Mixture of Experts Architecture for Machine Translation on Edge Devices

Mixture of Experts Architecture for Machine Translation on Edge Devices

Introduction

Mixture of Experts (MoE) is a neural network architecture characterized by dividing tasks among subnetworks referred to as “experts”. As a MoE model trains it learns not only to improve its expert subnetworks but also to improve its directing of inputs to individual experts. That is, experts become experts at processing particular types of data and the model learns which expert to direct inputs to. Thus, for processing a particular input, only a given expert subnetwork of model parameters is actually activated.

This contrasts with the standard, “dense”, neural network architecture in which all parameters are used to process every input. As a result, MoE models, while having many more parameters than comparable dense models, actually use fewer operations to process a given input.

As an example, Google has produced two architectures which come in relatively small sizes, T5 and Switch. T5 is a dense model, Switch is a MoE model. Both models are pre-trained on the same datasets and the individual experts inside the Switch model are analogous to very small T5’s. The smallest T5 model is T5-Small, with the next size up being T5-Base. The smallest Switch model is Switch-Base-8. The default usage of Switch-Base-8 is for each input to be processed by a single expert who is best at that type of input (“top-1 expert”).

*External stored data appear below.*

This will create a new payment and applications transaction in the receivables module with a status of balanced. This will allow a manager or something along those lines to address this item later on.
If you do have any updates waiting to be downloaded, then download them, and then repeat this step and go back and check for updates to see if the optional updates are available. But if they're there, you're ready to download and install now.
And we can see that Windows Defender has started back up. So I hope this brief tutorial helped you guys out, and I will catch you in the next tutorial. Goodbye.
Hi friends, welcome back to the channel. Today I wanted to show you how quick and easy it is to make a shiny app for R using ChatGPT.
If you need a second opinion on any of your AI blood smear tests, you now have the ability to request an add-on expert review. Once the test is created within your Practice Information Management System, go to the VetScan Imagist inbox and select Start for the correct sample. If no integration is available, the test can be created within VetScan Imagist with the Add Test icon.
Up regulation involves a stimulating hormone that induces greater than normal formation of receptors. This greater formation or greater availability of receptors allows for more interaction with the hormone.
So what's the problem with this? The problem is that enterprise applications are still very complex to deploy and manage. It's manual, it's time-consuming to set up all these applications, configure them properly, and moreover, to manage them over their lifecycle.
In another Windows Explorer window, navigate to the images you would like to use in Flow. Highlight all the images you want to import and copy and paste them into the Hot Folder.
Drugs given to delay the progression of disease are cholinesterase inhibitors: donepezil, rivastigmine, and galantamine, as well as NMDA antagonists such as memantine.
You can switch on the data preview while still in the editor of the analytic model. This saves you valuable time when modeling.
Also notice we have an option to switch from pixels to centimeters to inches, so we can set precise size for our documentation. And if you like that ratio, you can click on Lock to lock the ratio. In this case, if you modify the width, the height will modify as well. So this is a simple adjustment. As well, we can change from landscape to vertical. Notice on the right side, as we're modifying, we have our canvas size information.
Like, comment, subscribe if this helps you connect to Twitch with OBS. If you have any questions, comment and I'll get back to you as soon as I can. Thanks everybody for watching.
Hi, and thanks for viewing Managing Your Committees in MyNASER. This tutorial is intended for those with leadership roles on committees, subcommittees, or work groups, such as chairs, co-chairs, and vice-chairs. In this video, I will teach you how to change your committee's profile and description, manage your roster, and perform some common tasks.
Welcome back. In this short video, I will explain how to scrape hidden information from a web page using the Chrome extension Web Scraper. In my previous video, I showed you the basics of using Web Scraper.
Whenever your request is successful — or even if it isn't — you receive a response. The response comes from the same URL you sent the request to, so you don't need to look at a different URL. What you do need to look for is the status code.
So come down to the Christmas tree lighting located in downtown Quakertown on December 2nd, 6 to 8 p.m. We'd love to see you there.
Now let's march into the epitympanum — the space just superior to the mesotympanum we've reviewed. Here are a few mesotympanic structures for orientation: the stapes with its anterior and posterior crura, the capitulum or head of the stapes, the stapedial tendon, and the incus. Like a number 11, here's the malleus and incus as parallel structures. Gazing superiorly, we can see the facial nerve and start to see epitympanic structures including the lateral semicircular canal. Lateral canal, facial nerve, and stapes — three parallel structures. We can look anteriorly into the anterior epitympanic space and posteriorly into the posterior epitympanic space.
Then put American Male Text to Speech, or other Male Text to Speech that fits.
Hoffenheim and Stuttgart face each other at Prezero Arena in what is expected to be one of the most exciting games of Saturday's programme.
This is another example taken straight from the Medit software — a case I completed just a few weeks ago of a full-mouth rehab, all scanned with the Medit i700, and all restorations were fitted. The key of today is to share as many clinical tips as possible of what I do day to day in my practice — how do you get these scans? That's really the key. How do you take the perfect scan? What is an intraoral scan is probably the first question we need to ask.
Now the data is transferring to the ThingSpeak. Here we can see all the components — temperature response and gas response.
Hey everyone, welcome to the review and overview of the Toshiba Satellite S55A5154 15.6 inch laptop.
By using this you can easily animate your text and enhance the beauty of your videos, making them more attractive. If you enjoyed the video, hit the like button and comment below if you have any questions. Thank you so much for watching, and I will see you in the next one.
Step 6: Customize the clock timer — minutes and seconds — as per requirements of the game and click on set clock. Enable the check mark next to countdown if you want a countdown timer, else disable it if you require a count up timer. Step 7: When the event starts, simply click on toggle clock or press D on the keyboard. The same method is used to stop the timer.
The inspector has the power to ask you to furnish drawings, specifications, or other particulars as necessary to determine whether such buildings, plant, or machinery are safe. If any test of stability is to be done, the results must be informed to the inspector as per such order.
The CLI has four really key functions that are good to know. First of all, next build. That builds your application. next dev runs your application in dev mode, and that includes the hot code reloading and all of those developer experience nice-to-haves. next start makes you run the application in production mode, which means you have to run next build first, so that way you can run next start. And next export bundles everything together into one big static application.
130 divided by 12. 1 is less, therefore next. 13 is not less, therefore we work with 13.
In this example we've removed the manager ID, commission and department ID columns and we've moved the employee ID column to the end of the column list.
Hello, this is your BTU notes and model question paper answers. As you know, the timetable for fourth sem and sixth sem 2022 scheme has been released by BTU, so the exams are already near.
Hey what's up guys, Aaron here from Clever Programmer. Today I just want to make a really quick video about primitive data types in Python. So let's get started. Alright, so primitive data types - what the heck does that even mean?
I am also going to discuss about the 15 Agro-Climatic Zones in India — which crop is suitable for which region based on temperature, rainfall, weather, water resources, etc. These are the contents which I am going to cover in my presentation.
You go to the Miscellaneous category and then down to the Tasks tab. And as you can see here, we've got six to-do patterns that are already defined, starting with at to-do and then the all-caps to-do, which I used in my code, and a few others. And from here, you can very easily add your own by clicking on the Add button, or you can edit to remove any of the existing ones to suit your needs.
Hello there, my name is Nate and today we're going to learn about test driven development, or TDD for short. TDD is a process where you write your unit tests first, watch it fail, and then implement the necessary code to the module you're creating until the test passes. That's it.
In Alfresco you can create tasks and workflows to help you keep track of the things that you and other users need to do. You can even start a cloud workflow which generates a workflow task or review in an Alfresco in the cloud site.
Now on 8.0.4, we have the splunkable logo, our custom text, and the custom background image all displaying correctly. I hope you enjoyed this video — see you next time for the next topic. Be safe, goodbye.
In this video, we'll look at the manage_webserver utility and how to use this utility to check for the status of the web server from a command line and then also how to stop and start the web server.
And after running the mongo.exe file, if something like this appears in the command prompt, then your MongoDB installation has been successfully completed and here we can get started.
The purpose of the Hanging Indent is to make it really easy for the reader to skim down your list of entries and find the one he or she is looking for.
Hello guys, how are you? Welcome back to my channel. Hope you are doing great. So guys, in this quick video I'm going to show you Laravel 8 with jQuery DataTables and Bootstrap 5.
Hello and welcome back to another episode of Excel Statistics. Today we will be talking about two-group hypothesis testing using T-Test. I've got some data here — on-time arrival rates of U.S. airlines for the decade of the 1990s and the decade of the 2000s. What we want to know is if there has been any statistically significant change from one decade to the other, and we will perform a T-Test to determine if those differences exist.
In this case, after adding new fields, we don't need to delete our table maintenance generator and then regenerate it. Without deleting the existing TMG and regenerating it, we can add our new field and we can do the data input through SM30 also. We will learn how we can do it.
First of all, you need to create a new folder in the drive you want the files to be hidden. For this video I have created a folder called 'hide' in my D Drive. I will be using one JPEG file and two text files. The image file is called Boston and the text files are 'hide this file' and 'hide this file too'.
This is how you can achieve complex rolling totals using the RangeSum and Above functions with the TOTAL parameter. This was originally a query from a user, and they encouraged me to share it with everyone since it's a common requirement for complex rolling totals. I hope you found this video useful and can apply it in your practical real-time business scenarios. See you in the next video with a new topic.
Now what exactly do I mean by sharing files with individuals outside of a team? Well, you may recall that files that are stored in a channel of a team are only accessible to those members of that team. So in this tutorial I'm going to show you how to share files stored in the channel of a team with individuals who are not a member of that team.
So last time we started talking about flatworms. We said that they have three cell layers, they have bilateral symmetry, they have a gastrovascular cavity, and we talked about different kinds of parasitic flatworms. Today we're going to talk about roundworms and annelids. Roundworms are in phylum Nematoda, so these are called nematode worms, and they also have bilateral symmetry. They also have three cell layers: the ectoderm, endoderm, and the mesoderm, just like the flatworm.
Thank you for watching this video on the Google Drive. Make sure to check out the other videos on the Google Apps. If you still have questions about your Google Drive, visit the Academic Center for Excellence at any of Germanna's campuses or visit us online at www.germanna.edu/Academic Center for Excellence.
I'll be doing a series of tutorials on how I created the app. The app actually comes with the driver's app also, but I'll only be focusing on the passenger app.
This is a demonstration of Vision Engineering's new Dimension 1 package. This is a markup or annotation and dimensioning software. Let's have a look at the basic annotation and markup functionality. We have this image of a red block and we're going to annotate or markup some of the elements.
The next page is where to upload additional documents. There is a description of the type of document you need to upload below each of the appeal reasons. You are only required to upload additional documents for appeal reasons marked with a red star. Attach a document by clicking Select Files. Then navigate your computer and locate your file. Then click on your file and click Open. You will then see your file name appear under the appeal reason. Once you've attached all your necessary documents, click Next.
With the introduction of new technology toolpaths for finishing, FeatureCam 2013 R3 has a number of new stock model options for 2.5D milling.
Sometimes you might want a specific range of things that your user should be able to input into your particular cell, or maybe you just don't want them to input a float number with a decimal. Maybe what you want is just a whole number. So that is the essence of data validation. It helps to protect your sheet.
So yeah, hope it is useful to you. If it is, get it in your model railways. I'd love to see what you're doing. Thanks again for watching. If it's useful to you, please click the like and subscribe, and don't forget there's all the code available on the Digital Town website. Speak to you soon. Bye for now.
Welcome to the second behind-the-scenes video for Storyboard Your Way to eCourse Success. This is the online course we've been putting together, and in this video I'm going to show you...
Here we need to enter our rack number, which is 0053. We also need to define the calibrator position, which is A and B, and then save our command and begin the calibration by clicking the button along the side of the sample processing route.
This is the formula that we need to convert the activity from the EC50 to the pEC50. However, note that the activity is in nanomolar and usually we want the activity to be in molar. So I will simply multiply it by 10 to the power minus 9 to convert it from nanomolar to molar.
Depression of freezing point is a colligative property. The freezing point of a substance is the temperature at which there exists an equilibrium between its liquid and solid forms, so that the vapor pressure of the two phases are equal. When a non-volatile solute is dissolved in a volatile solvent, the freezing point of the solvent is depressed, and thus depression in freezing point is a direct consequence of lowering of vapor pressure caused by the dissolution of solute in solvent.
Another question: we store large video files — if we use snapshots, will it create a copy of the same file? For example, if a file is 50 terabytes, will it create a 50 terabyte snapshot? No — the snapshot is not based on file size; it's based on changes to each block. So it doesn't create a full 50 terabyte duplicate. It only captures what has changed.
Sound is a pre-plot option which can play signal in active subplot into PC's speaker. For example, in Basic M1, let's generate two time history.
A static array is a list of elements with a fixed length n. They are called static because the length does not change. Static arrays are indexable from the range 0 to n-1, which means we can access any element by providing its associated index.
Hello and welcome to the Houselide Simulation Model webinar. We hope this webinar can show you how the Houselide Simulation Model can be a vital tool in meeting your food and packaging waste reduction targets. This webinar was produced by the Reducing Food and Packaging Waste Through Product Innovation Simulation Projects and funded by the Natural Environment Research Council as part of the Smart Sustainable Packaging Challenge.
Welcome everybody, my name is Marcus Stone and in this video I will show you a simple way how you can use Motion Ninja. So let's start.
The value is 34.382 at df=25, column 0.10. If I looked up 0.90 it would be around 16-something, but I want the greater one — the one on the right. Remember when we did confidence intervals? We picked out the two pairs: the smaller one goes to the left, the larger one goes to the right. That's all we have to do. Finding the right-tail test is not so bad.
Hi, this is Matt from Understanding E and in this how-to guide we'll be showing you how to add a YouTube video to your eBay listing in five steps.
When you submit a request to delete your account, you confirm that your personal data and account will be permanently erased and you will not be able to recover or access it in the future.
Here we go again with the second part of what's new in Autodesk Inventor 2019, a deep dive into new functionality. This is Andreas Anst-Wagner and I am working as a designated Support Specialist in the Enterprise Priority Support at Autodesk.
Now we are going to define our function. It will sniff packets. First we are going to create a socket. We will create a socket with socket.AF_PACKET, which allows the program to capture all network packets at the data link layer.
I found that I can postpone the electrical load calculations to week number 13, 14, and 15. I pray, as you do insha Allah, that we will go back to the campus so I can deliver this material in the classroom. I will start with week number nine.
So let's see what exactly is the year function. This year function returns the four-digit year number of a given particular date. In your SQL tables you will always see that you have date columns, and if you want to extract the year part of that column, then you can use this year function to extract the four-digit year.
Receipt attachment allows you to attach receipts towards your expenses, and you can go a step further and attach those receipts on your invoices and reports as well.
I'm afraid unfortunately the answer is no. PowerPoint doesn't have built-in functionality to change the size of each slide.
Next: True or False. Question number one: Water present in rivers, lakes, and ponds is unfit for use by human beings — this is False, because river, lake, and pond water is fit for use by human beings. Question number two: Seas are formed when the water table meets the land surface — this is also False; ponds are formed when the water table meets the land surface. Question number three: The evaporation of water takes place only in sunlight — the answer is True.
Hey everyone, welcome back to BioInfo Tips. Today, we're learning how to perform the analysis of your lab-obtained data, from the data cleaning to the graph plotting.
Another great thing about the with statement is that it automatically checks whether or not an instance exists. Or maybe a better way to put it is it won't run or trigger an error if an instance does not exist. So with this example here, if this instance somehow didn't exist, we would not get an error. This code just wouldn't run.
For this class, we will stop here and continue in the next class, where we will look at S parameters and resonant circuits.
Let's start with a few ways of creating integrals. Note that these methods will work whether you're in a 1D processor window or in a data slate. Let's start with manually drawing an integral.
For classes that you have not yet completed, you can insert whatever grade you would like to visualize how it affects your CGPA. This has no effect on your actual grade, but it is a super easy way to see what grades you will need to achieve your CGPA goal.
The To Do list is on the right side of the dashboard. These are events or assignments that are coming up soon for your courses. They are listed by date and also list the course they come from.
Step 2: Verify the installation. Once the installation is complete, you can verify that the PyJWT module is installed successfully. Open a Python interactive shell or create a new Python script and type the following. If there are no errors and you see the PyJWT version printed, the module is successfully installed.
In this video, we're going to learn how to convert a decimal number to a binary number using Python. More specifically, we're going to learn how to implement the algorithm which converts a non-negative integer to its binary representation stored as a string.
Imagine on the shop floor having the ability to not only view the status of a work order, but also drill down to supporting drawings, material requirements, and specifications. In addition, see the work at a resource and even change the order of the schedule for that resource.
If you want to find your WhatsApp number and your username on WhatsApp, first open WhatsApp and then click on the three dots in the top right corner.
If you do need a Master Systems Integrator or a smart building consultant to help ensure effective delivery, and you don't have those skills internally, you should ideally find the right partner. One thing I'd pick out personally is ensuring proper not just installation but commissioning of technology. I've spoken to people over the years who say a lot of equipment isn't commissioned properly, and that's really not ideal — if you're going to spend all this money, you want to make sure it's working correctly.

The compute resources used by these models are given in the following table.

Performance Comparison Table

T5-Small T5-Base Switch-Base-8
Total Params 60M 220M 1.4B
Active Params per Token 60M 220M 152M (if top-1 expert)
FLOPs per Token ~4B ~14B ~9B
RAM Usage 0.5 GB 1.7 GB 3.5 GB

You can see in the table above that while Switch-Base-8 has far more parameters than either T5-Small or T5-Base, the number of active parameters when processing a given input falls in between the two T5’s. As a result, while Switch-Base-8 requires more RAM than either T5, the number of floating-point operations (FLOPs) performed by Switch-Base-8 is smaller than that of T5-Base, though larger than T5-Small.

In general, the limiting factors for operating language models, processing time and compute costs, are proportional to the number of FLOPs performed by the model, while RAM usage is generally only a concern for the largest models or on edge devices where RAM is tightly constrained.

Because of these limiting factors, a common approach to machine learning tasks is to use the smallest model that provides acceptable quality. Thus, if we assume that performance scales linearly with the number of FLOPs, one would expect that the MoE model would be preferable when 9B FlOPs per token is an acceptable cost but 14B is too large.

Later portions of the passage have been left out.